Viele, die jung sind, über die Gesellschaft nachdenken und zudem nicht heiraten wollen, gesellen sich zu asketische Gemeinschaften, zu denen etwa Mahima Dharma gehört, um dort einen asketischen Lebensweg auszuprobieren. Askese im modernen (gegenwärtigen) Kontext ist eine ideale Kategorie geworden, die sich als abstrakter Idealtypus vom sozio-religiösen brahmanischen Kontext losgelöst zeigt. Die Ideen und Praxis von Askese diffundieren in die indische Alltagswelt und so wird es möglich, dass jeder Asket werden kann und das jeder ein alternatives Konzept von Geschlecht im Rahmen einer asketischen Gemeinschaft erfahren kann.

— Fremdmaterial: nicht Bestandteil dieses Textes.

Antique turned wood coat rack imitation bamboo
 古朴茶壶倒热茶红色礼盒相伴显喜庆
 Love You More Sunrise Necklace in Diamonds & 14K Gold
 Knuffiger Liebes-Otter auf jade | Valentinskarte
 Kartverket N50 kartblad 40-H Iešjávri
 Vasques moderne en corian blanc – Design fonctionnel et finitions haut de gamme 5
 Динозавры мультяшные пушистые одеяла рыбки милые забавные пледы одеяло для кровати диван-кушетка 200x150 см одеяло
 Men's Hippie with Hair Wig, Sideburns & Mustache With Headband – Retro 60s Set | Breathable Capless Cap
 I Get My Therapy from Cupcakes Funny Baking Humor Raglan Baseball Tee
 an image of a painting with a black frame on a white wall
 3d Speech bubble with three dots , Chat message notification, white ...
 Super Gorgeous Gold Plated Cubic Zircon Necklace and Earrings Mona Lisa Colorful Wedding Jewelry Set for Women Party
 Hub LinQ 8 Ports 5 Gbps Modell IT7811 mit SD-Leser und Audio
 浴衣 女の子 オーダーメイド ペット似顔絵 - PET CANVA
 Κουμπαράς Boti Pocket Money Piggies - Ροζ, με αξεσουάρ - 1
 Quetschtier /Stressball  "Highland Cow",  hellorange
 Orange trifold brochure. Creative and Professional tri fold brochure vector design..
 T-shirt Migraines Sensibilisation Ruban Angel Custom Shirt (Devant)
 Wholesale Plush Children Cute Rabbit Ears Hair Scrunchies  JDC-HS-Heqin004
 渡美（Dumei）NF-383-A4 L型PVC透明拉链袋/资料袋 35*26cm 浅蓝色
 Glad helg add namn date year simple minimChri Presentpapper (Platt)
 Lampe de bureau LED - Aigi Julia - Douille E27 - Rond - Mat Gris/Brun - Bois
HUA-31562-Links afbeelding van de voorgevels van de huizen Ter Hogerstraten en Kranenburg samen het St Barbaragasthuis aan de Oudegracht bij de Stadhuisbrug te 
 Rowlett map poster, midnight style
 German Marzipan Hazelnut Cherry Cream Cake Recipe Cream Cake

Askese der Mahima Dharma-Lehre

Mahima Dharma, wörtl. "das glorreiche dharma[16]", ist eine im 19 Jhr entstandene asketische Religion und Lehre Orissas/Ostindiens, die auf den Religionsstifter Mahima Gosvami zurückgeht. In ihrer Selbstdefinition positioniert sich die Lehre gegen die brahmanische Vorherrschaft, gegen die brahmanischen Rituale, gegen den Polytheismus des Hinduismus und gegen das Kastensystem. Diese Lehre und Religion zeichnet sich durch eine streng organisierte Mönchsorganisation und eine Laiengemeinschaft aus. Der Mönchsorden teilt sich in zwei Bruderschaften, die Balkaldhari und die Kaupinadhari. Die Bruderschaften sind um ein Netzwerk von lokalen Zentren organisiert, deren regulierende Ritual und Verwaltungsstelle die heilige Stadt Joranda in Dhenkanal (Zentralorissa) ist.

Die Khaupindhari-Asketen und jüngere Balkaldhari tragen einen Schurz aus gerua-gefärbter Baumwolle, die zwischen den Beinen durchgezogen und an einem geflochtenen Gürtel befestigt ist. Älteste Asketen der Balkaladhari-s, auch Kumbhipata genannt, tragen die gleiche Form des Schurzes, nur aus der Rinde des Kumbhi-baumes.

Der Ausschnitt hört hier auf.